Part of the point of the review is that resistance can take many forms. Erso resists by working within the system to help bring about a better outcome. The problem, for the outside observer, is that for such resistance to be effective, it needs to be indistinguishable from collaboration. Something to think about in relation to the incoming Trump administration and how best to work against it, particularly in the area of technology. (via mr)


Blade Runner 2049

The words “Blade Runner sequel” have inspired equal parts excitement and dread in my heart. Some things, you just shouldn’t mess with, particularly if you’re Ridley Scott (see the Alien5 franchise). But with Ryan Gosling and Harrison Ford headlining, Denis Villeneuve directing (he did the pitch-perfect Arrival), and this teaser trailer, the scale has tipped towards excitement.

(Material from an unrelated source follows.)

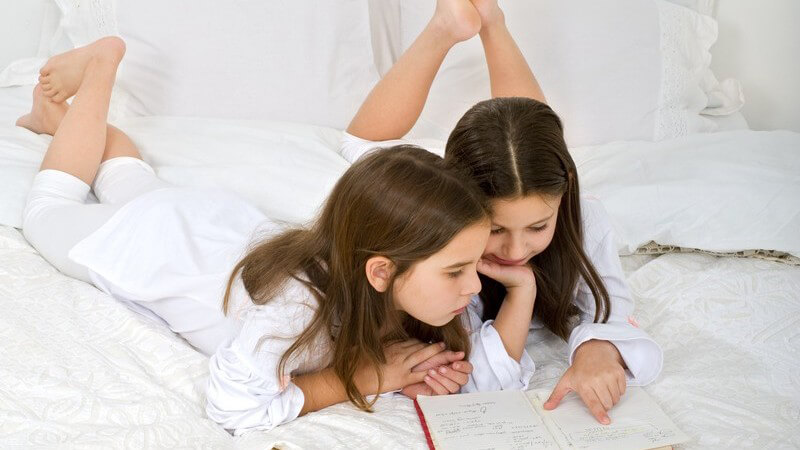 Zwei kleine Mädchen liegen im Bett und lesen ein Buch zusammen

Thirty years after the events of the first film, a new blade runner, LAPD Officer K (Gosling), unearths a long-buried secret that has the potential to plunge what’s left of society into chaos. K’s discovery leads him on a quest to find Rick Deckard (Ford), a former LAPD blade runner who has been missing for 30 years.


Don’t tell me what I already know

Director Steven Soderbergh is constantly looking for new ways to give his audience information about the story and the characters. It’s what makes his work seem fresher than that of some other directors, but sometimes the risk doesn’t pay off.

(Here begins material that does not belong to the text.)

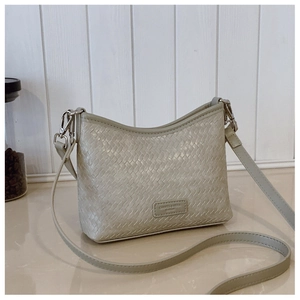 Close-up of woven texture and metal logo plaque on a light green bucket shoulder bag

FWIW, I love the Julia Roberts playing Julia Roberts bit in Ocean’s 12. It’s a lookie loo with a bundle of joy, what more do you need?! (via film school rejects)


A documentary on the 808 drum machine

808 is a feature-length documentary film on perhaps the most important musical instrument of the past 30 years, the Roland TR-808 Rhythm Composer. The soundtrack includes songs by Afrika Bambaataa, Public Enemy, and Jamie xx. The film will be available exclusively on Apple Music sometime in the next week but will likely be available elsewhere at some point after that.

See also a browser-based emulation of the 808.


A tribute to post-apocalyptic cinema

The World of Tomorrow is Bora Barroso’s tribute to some of the best post-apocalyptic movies, including Children of Men, 12 Monkeys, Mad Max: Fury Road, and The Road. Wall-E wasn’t dark enough I guess?


The top 25 films of 2016

I look forward to David Ehrlich’s video countdown of his favorite films of the year and 2016’s installment does not disappoint. Nice to see Beyonce’s Lemonade, the weirdo Swiss Army Man (which I loved, Daniel Radcliffe 4eva!), and the excellent OJ: Made in America on there. Still puzzled by Hail Caesar…I love the Coen brothers but was bored by this one. No Arrival though…this was the only movie I saw in the theater twice this year. For those looking for upcoming or recently released films to watch, Ehrlich includes Jackie, La La Land, and Scorsese’s Silence on his list.


Trailer for The Circle

The film adaptation of Dave Eggers’ novel The Circle is moving right along. The movie stars Tom Hanks and Emma Watson (as well as John Boyega from The Force Awakens) and the first trailer was released yesterday. Looks Black Mirror-ish…I think we’ll be getting a lot of that over the next four years.


The evolution of Disney animation, from Snow White to Zootopia

This video quickly sums up almost 80 years of Disney animated movies, from Snow White and Pinocchio to Big Hero 6 and Zootopia. It’s astonishing how good the animation was in the early days and then got less so until fairly recently.